Legado ambitionne ainsi de dépasser le simple cadre domestique pour explorer les ramifications d’un pouvoir tentaculaire. En ce sens, elle s’inscrit dans une tradition de fiction politique, dénonçant en creux les dérives de certaines élites et les compromissions d’un modèle où tout se tient et où la loyauté familiale devient une valeur bien relative. Cette dimension plus profonde, souvent éclipsée par la comparaison avec Succession, pourrait justement être la clé de son écho international : en révélant les liens troubles entre pouvoir, médias et politique, Legado parle d’un système que beaucoup reconnaîtront, bien au-delà des frontières espagnoles.
La complexité du récit :
Si Legado cherche à se démarquer par sa profondeur et sa complexité, c’est peut-être justement cette ambition narrative qui la rend difficile d’accès pour une partie du public. Le premier épisode, par exemple, s’ouvre sur une façade de famille unie, presque idéalisée, pour mieux en démonter les apparences dès les scènes suivantes. Mais cette déconstruction progressive, qui pourrait être passionnante, se perd parfois dans un enchevêtrement de trames trop nombreuses. Entre le patriarche cynique qui découvre la trahison des siens, les enfants ligués pour protéger un lourd secret, les rivalités souterraines, les ambitions personnelles, ou encore la benjamine issue d’un autre mariage qui vit en marge du clan, la série multiplie les pistes… sans toujours leur donner le temps de respirer.

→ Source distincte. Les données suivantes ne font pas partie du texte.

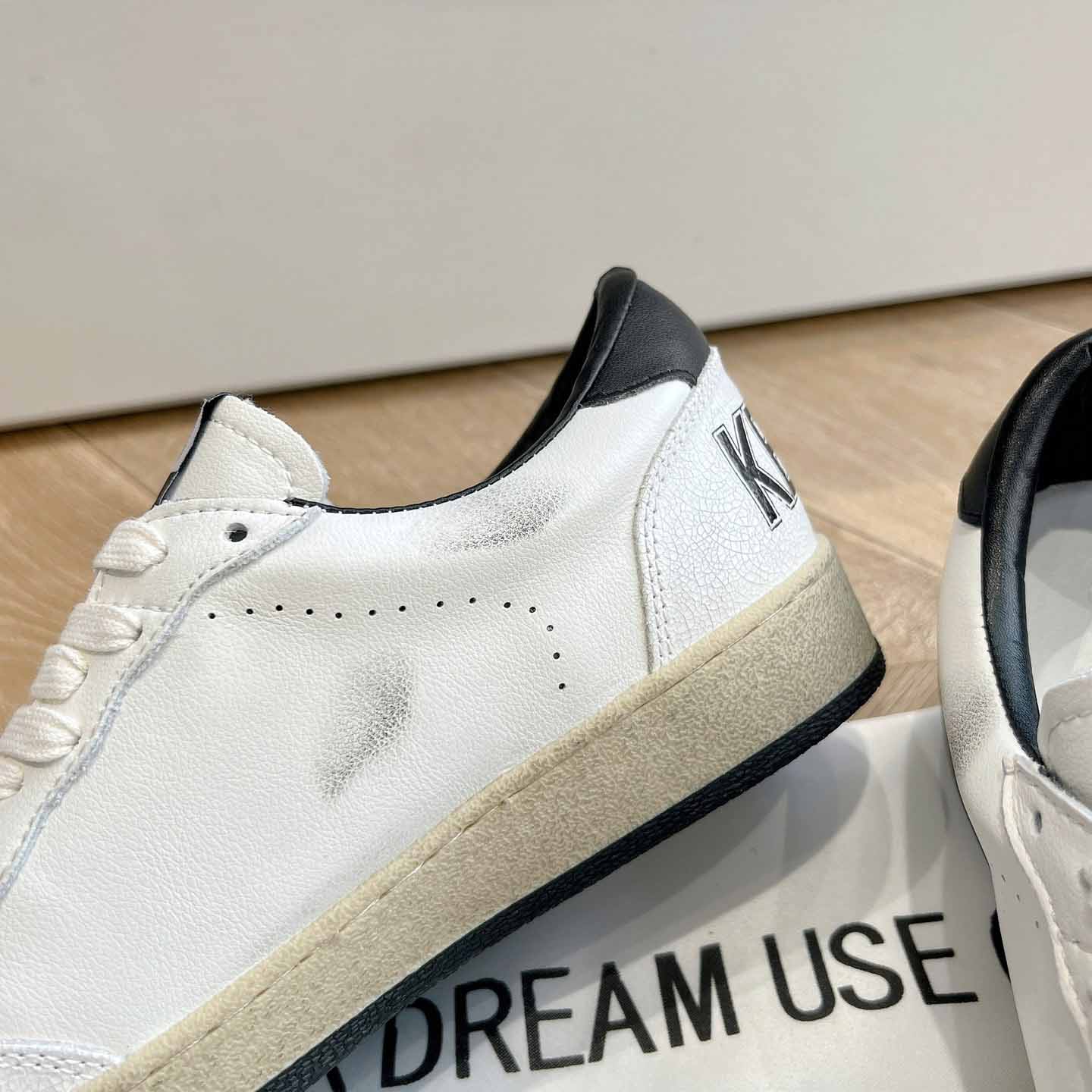 Golden Goose Sneakers - EUR FASHION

Chaque personnage possède son propre arc, souvent dense, parfois complexe, mais faute d’un véritable fil rouge émotionnel ou d’une ligne claire, le spectateur peine à s’attacher ou à se projeter. À force de vouloir tout dire, Legado finit par perdre un peu de lisibilité, ce qui nuit à l’immersion. Cette dispersion narrative pourrait expliquer pourquoi la série, malgré ses qualités, n’a pas réussi à s’imposer durablement dans le top de Netflix : elle demande un certain effort d’attention dès le départ, sans offrir immédiatement le retour émotionnel ou dramatique que certains spectateurs attendent d’une série familiale.

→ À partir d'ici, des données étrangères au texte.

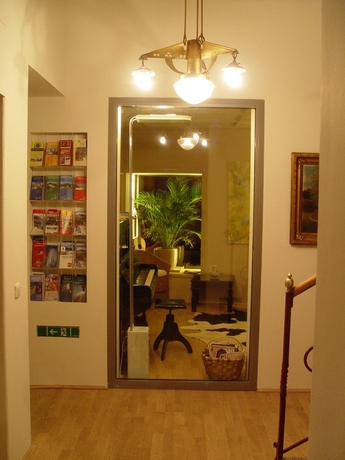 Imagen de los interiores del Hotel Bergland. Foto 18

La critique de la rédaction :
Legado est une série qui ne manque ni d’atouts, ni d’ambition. Son casting est solide, avec des performances bien menées, une mise en scène soignée, et une volonté claire de casser les codes des séries espagnoles traditionnelles. Elle s’empare de thèmes forts – le pouvoir, la famille, la corruption – et tente d’en proposer une lecture moderne, presque politique. Oui, certains y verront des parallèles avec Succession, mais pour ma part, ne connaissant pas assez cette référence, je préfère juger Legado pour ce qu’elle est : une série dense, riche en matière.

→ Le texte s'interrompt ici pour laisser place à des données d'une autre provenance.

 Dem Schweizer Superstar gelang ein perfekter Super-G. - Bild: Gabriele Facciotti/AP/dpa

Ce qui lui fait défaut, c’est sans doute sa mise en forme. L’intrigue aurait gagné à être recentrée, à donner plus de temps à chaque personnage pour exister. Il y a une vraie envie de proposer quelque chose de complexe, mais à force d’empiler les sous-intrigues, la narration finit par se diluer. Et peut-être aussi que les attentes étaient trop élevées, dans un contexte où de nombreuses séries sortent chaque semaine. Cela dit, Legado reste une proposition intéressante, avec des idées fortes. Une série qui mérite qu’on prenne le temps de s’y plonger… à condition de ne pas chercher un récit simple et linéaire, mais plutôt une fresque trouble et nuancée.